DATA UNDER STUDY section start

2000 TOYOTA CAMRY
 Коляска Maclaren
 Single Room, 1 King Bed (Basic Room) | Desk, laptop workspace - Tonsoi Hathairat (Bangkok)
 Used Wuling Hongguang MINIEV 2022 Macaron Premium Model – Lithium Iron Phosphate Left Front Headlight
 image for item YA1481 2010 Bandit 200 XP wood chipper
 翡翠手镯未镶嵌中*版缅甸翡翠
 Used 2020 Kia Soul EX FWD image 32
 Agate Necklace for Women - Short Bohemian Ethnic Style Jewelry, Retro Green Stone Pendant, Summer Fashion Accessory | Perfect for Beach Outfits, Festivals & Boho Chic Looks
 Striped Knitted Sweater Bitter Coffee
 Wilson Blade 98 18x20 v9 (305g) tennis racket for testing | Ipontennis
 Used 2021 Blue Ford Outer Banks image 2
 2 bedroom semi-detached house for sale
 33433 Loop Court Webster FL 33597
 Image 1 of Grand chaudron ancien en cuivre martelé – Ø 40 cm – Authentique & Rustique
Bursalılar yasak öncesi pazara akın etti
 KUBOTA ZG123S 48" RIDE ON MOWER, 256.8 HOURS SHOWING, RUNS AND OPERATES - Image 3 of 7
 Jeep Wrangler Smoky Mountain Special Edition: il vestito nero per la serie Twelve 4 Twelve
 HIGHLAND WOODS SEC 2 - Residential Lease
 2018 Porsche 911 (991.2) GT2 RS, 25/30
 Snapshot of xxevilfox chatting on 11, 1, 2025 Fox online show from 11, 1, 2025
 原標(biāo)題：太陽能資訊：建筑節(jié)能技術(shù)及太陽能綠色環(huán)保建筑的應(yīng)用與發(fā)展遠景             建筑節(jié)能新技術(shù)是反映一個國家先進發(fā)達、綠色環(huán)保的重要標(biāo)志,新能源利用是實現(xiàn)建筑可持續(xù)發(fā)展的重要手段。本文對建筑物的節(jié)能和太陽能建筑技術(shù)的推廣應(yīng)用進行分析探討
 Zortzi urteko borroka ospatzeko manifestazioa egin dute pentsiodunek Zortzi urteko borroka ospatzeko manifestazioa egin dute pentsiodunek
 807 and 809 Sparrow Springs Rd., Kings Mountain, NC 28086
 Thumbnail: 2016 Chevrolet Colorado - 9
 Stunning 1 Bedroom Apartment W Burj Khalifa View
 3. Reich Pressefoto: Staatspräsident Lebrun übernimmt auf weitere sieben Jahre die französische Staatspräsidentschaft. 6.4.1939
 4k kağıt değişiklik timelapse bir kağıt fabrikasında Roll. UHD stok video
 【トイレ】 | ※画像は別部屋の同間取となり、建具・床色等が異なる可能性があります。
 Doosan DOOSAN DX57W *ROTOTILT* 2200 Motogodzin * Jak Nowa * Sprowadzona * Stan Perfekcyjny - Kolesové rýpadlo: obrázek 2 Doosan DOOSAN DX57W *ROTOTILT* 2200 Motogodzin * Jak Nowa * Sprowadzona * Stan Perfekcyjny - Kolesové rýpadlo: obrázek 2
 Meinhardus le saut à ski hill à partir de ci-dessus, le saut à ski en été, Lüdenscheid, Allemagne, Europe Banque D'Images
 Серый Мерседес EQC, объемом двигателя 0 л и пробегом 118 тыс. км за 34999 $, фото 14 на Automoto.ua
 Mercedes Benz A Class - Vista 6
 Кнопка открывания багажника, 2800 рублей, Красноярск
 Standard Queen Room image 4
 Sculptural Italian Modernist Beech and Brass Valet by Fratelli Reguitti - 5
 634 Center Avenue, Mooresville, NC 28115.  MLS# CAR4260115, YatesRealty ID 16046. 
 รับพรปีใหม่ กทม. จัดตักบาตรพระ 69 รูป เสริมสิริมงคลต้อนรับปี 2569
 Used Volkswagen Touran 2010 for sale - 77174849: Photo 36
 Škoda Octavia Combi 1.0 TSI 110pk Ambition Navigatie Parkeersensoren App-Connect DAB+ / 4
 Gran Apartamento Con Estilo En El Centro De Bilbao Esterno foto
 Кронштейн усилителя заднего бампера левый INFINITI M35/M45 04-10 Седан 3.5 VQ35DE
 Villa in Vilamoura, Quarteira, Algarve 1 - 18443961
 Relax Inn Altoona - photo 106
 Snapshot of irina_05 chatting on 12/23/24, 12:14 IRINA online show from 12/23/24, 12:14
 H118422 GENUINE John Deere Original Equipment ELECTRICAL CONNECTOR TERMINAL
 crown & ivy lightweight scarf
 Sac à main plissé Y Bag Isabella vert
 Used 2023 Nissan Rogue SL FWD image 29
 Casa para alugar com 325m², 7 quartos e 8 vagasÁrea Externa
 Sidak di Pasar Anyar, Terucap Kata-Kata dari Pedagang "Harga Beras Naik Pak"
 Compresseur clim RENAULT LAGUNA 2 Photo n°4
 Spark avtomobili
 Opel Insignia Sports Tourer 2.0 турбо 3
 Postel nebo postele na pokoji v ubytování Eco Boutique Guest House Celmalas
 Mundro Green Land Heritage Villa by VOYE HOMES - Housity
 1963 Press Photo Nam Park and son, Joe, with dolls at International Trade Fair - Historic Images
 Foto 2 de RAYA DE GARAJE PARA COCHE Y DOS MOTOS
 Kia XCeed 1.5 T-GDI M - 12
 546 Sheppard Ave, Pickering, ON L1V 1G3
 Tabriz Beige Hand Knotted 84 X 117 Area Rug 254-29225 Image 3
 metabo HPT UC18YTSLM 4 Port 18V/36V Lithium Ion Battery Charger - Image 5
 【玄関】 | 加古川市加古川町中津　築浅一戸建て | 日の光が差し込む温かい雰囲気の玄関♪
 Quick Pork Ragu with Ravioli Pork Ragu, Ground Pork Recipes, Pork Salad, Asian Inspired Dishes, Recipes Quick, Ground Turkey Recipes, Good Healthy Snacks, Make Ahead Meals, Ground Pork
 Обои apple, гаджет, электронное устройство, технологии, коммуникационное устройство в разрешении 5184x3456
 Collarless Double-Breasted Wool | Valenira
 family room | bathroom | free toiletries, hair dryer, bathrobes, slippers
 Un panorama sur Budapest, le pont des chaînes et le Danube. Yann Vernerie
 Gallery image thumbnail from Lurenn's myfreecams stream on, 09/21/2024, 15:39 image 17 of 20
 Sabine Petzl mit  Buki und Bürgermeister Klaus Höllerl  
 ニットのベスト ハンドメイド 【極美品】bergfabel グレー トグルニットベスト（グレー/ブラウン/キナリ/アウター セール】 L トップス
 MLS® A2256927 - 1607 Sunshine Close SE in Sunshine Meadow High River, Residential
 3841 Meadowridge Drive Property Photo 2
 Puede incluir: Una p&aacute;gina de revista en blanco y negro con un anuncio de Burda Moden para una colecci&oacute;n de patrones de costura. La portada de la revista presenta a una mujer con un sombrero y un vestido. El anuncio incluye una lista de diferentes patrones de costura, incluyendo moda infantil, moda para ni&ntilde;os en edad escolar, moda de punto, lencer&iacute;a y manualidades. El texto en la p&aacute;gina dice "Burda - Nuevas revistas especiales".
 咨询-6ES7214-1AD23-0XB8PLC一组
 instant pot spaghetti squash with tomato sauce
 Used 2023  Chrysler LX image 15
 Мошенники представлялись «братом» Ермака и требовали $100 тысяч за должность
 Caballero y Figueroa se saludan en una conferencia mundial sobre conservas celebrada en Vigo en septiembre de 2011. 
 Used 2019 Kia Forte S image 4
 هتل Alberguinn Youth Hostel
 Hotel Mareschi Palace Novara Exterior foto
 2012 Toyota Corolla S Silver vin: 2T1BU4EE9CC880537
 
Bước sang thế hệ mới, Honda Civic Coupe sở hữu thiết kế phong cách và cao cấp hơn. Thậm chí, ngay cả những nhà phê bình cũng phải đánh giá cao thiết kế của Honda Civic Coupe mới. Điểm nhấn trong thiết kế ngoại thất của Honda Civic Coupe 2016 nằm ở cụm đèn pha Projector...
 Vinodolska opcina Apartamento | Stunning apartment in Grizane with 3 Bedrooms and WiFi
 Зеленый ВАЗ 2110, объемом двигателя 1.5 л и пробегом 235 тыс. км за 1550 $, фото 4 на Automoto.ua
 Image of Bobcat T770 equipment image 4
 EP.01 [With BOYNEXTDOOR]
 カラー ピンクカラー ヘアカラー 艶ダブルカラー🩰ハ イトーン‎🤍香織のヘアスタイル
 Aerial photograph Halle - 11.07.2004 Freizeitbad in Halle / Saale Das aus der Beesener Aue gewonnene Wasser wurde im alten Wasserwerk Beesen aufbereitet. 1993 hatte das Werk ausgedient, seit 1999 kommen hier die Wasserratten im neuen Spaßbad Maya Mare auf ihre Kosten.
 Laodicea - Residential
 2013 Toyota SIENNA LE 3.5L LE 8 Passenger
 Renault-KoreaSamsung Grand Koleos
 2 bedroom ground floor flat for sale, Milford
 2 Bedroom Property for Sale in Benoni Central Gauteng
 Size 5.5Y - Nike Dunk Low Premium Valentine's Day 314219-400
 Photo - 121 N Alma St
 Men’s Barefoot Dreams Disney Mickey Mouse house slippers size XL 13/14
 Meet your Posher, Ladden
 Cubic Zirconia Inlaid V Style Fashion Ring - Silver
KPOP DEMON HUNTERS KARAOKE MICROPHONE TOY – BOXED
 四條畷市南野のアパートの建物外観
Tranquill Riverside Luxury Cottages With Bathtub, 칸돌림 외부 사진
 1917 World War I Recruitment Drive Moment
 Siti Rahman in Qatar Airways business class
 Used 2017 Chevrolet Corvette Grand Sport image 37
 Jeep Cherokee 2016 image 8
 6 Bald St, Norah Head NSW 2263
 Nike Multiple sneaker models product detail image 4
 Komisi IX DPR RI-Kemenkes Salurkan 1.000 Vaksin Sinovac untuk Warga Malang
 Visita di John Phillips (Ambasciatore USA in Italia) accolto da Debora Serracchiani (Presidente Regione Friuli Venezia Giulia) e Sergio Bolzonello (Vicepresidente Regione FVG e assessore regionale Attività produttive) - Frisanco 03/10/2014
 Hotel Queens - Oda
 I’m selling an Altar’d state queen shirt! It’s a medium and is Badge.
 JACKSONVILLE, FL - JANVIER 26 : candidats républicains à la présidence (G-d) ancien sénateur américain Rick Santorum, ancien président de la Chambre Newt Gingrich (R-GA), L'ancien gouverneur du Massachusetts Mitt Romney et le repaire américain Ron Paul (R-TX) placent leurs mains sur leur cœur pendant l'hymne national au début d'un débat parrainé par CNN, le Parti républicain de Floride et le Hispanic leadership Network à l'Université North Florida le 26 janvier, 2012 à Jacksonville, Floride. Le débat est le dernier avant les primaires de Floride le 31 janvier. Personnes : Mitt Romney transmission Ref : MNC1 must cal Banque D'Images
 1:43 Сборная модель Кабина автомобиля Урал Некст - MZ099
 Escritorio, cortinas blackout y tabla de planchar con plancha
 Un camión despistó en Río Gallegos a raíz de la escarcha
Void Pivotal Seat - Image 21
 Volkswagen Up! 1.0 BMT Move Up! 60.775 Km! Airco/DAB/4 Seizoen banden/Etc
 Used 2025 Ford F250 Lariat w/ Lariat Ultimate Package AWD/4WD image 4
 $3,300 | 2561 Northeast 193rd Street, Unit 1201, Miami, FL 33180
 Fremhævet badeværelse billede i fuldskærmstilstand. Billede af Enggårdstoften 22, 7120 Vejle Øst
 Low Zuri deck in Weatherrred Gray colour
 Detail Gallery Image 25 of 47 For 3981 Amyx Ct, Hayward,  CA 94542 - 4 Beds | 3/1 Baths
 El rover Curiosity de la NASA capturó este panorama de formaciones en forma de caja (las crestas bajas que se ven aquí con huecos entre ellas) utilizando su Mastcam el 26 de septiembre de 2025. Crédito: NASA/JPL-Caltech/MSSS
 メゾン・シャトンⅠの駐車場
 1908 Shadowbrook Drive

DATA UNDER STUDY section end

WHAT YOU NEED TO DO — Retype the records above from the very first line down to the line with "Agate Necklace for", keeping both of those lines. Include nothing beyond them.

ANSWER FOR THIS EXERCISE —
2000 TOYOTA CAMRY
 Коляска Maclaren
 Single Room, 1 King Bed (Basic Room) | Desk, laptop workspace - Tonsoi Hathairat (Bangkok)
 Used Wuling Hongguang MINIEV 2022 Macaron Premium Model – Lithium Iron Phosphate Left Front Headlight
 image for item YA1481 2010 Bandit 200 XP wood chipper
 翡翠手镯未镶嵌中*版缅甸翡翠
 Used 2020 Kia Soul EX FWD image 32
 Agate Necklace for Women - Short Bohemian Ethnic Style Jewelry, Retro Green Stone Pendant, Summer Fashion Accessory | Perfect for Beach Outfits, Festivals & Boho Chic Looks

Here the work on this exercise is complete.